The Galileo-sponsored hackathon saw groundbreaking innovations from students across the country
At this year’s all-virtual HackTheU student hackathon, sponsored by the University of Utah and Galileo, winning projects included a a portable wearable device that automatically collects key patient data and a Venmo-inspired app that enables users to set up an account and transfer money between their digital contacts–all through voice-enabled Alexa.
During the two-day event–the largest annual student hackathon in Utah–students from the University of Central Florida were recognized as the overall winner of this year’s competition. Led by Liana Severo, Matthew Bautista, Joseph Orlando and Justin Bang, the UCF team developed Insights.MD, a portable wearable device that automatically collects key patient data–including heart rate, blood oxygen level and body temperature. Insights.MD also took home top prize for the “Best Hardware Hack.”

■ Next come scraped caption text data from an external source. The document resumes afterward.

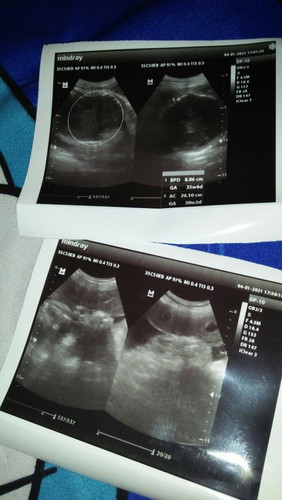 Hamil 35 minggu lebih tp plasenta udah pengapuran. Hamil pertama, gimana yah bunda aku takut kenapa2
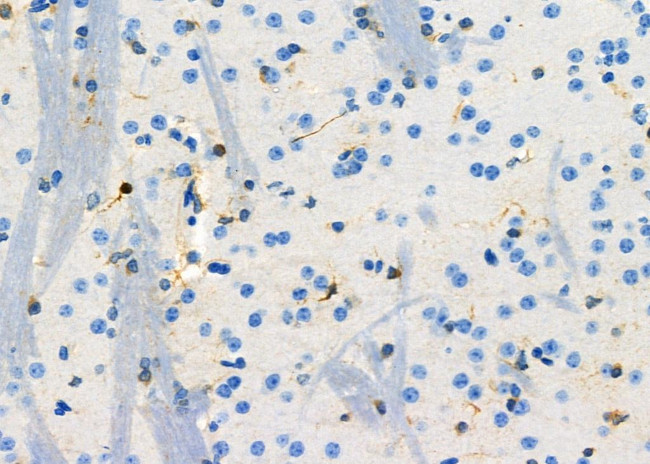 IFN beta Antibody in Immunohistochemistry (Paraffin) (IHC (P))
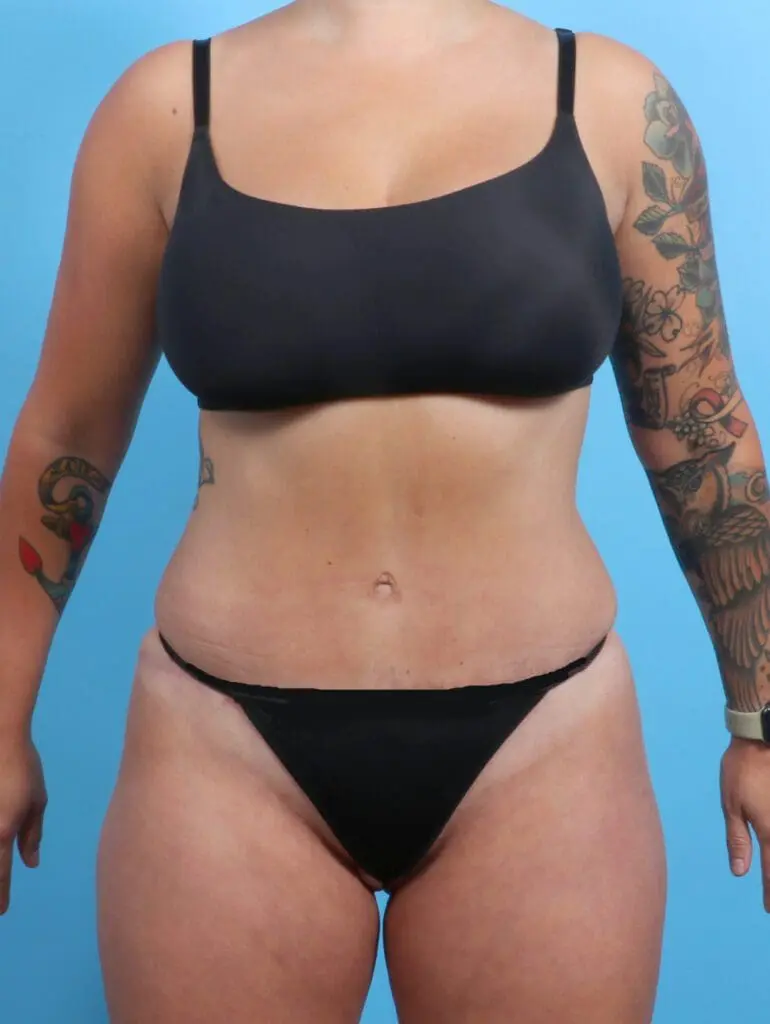 Tummy Tuck - Case 22963 - After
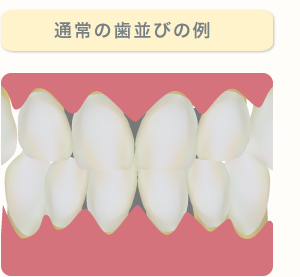 通常の歯並びの例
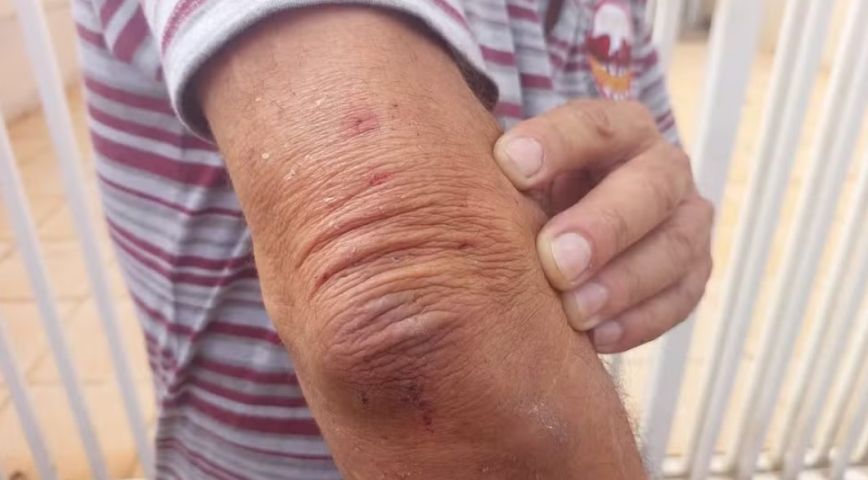 Idoso é agredido durante roubo em residência no Centro de Braço do Norte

Budget Buddy, a Venmo-inspired app that enables users to set up an account and transfer money between their digital contacts through voice-enabled Alexa, won the Galileo Challenge Award for the best hack created using the Galileo Instant API. Inspired by Chime and Paypal, the team–led by Clayton Schrumpf, Zane Slocum, Joshua Van Antwerp and Eric Young from the Neumont College of Computer Science–created a fun and simple way to send money to friends.
Other lead contenders for the Galileo API Challenge included:
· Donut Clock – An alarm clock that wakes you up in the morning by donating to a selected charity of choice if you fail to turn off your alarm.
· Galileo Basketball Webscraper – Connects Galileo’s API framework with a basketball statistics website, basketballreference.com, to pay players based on statistics. The app transfers money from the player cardholders to coach cardholders for mistakes, such as turnovers.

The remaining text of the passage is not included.